Por Hélio Schwartsman - Folha de S. Paulo - 4/8/2013
Deu no "New York Times" que, depois que a Austrália implementou uma nova legislação que tornou os maços de cigarros mais repulsivos, com fotos explícitas das moléstias provocadas pelo tabagismo, fumantes começaram a queixar-se de que o sabor de seus cilindros tóxicos mudara para pior.
Como nada foi alterado no processo de fabricação dos cigarros, a resposta para a sensação dos fumantes só pode estar na psicologia.
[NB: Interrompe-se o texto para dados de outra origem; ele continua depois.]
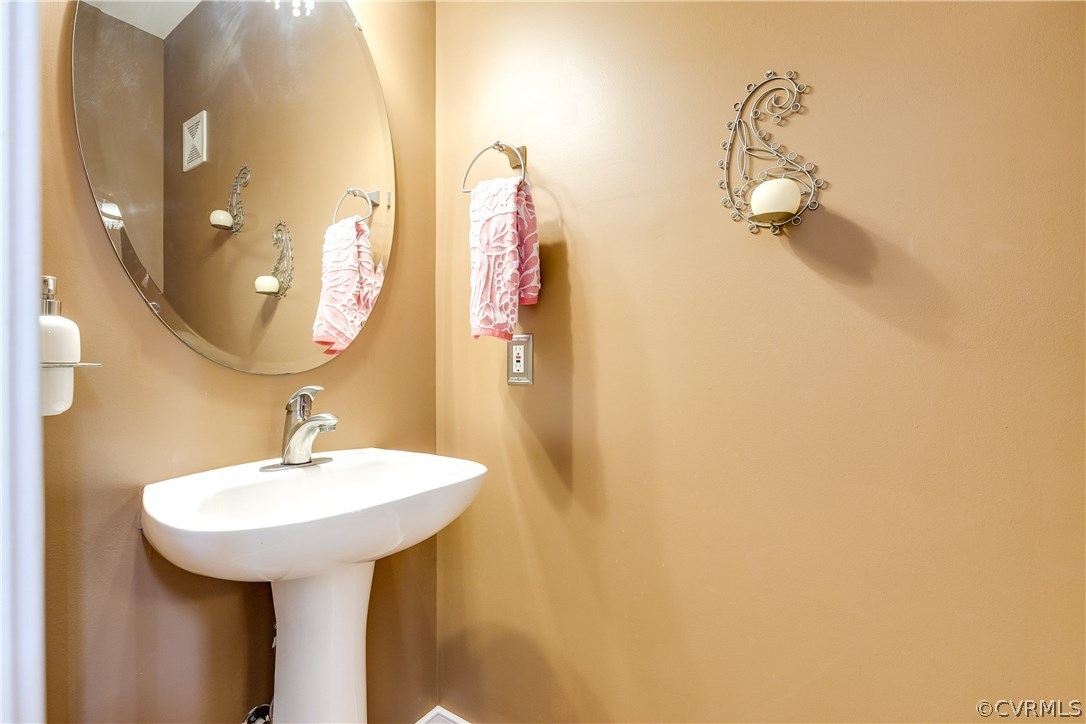 2111 Pemberton Road Henrico, VA 23229 - Photo 10 of 29 Main level Powder Room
Nosso cérebro, apesar da aparência de seriedade, é um grande farsante. Sobretudo nas faixas que operam abaixo do radar da consciência, que correspondem a algo como 98% dos processos, ele preenche os espaços para os quais não há informação com invencionices. Isso vale para tudo. Um caso emblemático é a visão. As "imagens" que chegam da retina não passam de um borrão desfocado com um grande buraco no meio. As áreas corticais destinadas à visão, valendo-se principalmente de nossa experiência passada, é que vão pacientemente reconstruindo tudo de modo a criar uma interpretação coerente para o que vemos.
As coisas não são diferentes com o gosto. Ao contrário até, por ser um sentido relativamente pobre, está sujeito a todo tipo de interferência olfativa, tátil e se deixa facilmente levar pelo contexto. Uma boa apresentação e um serviço eficiente melhoram o gosto da comida servida no restaurante. Psicólogos já provaram que um vinho ordinário de R$ 20 fica bem mais saboroso quando etiquetado como uma garrafa de R$ 90.
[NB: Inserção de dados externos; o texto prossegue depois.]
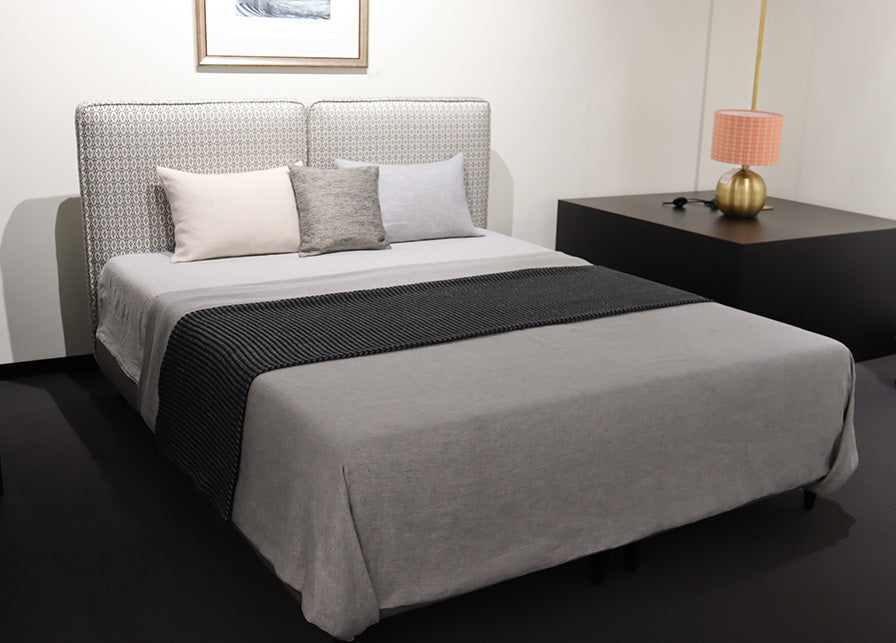 bett mit Jugendstil design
Talvez pudéssemos explorar melhor essa faceta de nossas mentes. É possível que, associando desde cedo drogas a valores negativos, consigamos reduzir os casos de dependência sem necessidade de criar custosas e ineficazes máquinas repressivas. Minha impressão é a de que algo assim já está acontecendo com o fumo, que vem perdendo adeptos desde que o "Zeitgeist" lhe atribuiu uma carga moral negativa.